I want to talk for a second about passive income. I considered posting this in the tax discrimination thread, but income inequality seems like a better fit. I've still not seen anyone explain to me why income inequality is a problem in and of itself, the problem always ends up being something else (crony capitalism caused by government overreach). But I do want to talk about the income inequality that is created by wealth inequality for a moment.
Money is highly non-linear. It takes an insanely long amount of time to accumulate your first million dollars compared to your second. And the third comes faster still. The reason is because money itself can produce value. You can lend it to someone who is the enabled, via the resources, to create far more wealth. As a result, the lending is valuable in and of itself. The is one of the fundamental ways economies grow. The same is true if the money buys a resource which itself is in demand. For example, if oil is in demand but is expensive to get to, it can be worthwhile to spend money extracting it and sell it for profit. Money can build a house which is in demand to be rented. There are many ways that money does its own literal production. It can be left alone to do almost no producing, but often it is invested in something that yields a profit. In fact, as you accumulate money, it becomes something of a focus to leverage it and generate passive income (ie: your money makes money without your labor).
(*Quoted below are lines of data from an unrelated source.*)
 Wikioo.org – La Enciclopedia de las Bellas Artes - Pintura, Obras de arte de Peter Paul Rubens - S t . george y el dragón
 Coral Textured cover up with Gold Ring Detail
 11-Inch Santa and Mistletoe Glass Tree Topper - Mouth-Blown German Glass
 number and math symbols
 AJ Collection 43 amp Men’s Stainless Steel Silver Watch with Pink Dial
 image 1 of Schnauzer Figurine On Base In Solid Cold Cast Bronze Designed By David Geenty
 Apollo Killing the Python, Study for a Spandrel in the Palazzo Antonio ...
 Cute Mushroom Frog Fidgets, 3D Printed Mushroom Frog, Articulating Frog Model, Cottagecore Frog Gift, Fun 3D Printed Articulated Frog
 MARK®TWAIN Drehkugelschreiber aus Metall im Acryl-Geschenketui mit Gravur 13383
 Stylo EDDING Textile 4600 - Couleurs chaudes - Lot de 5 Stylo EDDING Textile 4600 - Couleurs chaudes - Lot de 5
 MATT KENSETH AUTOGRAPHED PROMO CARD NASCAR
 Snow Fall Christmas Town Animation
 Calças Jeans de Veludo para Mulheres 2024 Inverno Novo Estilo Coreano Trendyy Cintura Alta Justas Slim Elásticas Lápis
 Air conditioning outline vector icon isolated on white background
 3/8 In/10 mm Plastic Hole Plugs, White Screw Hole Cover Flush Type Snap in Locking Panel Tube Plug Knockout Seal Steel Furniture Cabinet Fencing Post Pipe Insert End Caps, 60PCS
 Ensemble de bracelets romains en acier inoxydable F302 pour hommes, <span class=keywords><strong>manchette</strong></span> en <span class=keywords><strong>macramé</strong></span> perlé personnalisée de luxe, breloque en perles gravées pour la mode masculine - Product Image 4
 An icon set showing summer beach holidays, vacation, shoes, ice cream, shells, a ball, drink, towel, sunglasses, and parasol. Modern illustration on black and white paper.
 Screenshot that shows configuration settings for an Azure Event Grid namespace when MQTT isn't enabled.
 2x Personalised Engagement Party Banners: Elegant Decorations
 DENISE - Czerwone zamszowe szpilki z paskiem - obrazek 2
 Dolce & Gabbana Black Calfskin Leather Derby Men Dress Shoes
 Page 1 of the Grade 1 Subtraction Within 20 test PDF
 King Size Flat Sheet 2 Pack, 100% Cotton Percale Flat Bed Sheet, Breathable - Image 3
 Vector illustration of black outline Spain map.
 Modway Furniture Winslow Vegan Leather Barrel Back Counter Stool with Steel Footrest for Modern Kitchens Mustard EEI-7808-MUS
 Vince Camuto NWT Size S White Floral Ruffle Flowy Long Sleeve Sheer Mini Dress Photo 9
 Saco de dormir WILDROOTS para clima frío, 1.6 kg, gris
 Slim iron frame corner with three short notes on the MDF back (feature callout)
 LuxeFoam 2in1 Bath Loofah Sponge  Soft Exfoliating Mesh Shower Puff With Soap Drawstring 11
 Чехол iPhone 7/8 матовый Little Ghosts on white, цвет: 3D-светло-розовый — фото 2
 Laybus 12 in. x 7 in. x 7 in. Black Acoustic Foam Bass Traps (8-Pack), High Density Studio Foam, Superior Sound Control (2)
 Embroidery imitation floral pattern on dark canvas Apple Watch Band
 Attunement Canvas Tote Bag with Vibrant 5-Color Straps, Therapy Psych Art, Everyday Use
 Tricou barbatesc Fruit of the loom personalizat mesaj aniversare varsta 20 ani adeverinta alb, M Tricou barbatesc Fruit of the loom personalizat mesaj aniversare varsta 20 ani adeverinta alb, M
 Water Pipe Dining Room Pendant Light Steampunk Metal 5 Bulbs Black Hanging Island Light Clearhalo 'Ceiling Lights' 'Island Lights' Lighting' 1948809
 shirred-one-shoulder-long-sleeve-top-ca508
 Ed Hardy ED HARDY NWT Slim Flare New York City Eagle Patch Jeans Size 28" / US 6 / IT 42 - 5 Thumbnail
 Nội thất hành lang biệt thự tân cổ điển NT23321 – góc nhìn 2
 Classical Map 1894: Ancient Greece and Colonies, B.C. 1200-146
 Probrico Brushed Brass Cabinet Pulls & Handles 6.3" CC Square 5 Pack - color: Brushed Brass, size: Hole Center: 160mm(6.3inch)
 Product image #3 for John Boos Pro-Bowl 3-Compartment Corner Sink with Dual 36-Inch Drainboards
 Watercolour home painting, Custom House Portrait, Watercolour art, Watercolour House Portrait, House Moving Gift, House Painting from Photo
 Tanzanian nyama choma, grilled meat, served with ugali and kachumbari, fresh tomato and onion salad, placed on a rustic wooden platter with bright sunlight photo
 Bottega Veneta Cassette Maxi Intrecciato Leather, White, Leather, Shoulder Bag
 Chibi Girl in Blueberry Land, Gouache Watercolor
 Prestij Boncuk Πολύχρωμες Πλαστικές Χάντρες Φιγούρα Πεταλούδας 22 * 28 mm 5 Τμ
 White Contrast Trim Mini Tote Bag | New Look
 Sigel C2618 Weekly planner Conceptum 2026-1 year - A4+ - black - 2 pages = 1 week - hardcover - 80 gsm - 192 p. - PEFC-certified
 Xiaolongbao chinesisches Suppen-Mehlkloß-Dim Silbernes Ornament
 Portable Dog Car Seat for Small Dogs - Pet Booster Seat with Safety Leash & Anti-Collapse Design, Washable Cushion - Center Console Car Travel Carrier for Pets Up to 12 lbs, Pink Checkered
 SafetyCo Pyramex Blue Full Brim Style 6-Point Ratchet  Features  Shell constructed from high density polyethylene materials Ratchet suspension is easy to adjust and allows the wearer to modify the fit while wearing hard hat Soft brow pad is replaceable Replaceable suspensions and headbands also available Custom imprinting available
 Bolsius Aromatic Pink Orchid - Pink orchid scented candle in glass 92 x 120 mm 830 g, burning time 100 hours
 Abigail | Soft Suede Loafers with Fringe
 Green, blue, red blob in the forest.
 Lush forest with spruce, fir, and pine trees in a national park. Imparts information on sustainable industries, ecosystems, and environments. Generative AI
Wealth inequality therefore leads to income inequality. Because the wealthy can leverage their assets to generate income, and it's not particularly hard for money to produce more than many people can. Consider this, do you produce more than $1M produces? At a reasonable rate of return, say 6%, $1M produces $60,000 per year. If you make less than that, a million dollars can out-earn you. Just about all of us have some level at which money can out-earn us. $10M at that same rate can earn $600,000 per year. Who among us can directly generate that level of production? Maybe a handful of gtplaneteers. I'm not one of them.
Passive income is fundamentally different from active income in at least one respect. You didn't directly labor to produce it (by definition). Your property essentially performed the labor to produce it, and of course it is your property, and so you own the fruits of the labor of your property. But it is fundamentally a step removed from your labor. It is your property's property, owned by you because of the transitive properties of property rather than the inherent properties of labor. If your money makes money, your labor did not directly generate that wealth, it indirectly generated it. The link is still there, but there is an extra step.
I think it makes sense to recognize this fundamental difference when it comes to taxation. If you labor to produce $3M. And then you stop laboring and live off of the first million at $60k per year and reinvest the rest, in 10 years you have almost $5M. At that point, you could live off of the first $3M at $180k per year and reinvest the rest to the tune of net worth of $7M in another 10 years. Rinse, repeat. After 20 years, you have generated a net wealth of ~$7M, but what did you actually do yourself? Less than half. Your property has generated the majority of your wealth passively.
The tax rate for this type of income is not as directly, viscerally, harmful.
If we're not going to move to a sales tax model, which would be my preference, we could at least move toward a flat tax model for direct income with a separate, higher flat tax model for passive income. At some point for personal wealth, it becomes nearly pointless to try to labor to produce wealth. You simply cannot out earn your money, at least for many people. This results in people shutting down labor, which is not necessarily a good thing. Better to keep the tax rate low for labor and high for passive income. Balance wealth a little more toward labor and a little less toward investment. The result should be more labor by more people, and greater upward mobility and overall production. Investment will likely not slow down significantly either. Sure, the riskiest investments might not be worthwhile anymore, but solid investments are worthwhile even at a lower effective rate. We've seen that a lot over the last decade.